───── Data to examine

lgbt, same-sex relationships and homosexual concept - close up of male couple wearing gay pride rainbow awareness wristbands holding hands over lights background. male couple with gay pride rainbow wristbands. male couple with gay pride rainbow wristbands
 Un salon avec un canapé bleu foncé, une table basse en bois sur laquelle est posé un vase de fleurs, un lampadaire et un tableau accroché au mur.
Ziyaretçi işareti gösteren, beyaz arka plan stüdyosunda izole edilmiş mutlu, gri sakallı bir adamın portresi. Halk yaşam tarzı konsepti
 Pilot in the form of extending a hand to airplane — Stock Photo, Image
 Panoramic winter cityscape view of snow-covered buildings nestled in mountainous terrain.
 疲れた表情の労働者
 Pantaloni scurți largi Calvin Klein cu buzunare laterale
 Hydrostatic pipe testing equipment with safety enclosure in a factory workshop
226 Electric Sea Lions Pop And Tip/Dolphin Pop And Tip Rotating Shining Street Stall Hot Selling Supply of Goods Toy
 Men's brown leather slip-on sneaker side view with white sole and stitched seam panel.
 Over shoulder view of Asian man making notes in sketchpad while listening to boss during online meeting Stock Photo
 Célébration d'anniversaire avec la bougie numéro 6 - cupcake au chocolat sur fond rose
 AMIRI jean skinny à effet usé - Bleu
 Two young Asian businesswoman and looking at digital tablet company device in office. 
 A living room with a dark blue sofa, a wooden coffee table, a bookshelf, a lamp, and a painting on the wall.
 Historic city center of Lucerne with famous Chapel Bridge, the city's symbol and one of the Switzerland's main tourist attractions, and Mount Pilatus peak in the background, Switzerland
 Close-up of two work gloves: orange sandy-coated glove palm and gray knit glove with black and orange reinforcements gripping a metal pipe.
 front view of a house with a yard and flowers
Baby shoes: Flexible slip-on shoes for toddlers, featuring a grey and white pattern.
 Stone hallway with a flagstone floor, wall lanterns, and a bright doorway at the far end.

──────────

Return each line of the material in which the string "pipe" can be found.

■ Task solution
 Hydrostatic pipe testing equipment with safety enclosure in a factory workshop
 Close-up of two work gloves: orange sandy-coated glove palm and gray knit glove with black and orange reinforcements gripping a metal pipe.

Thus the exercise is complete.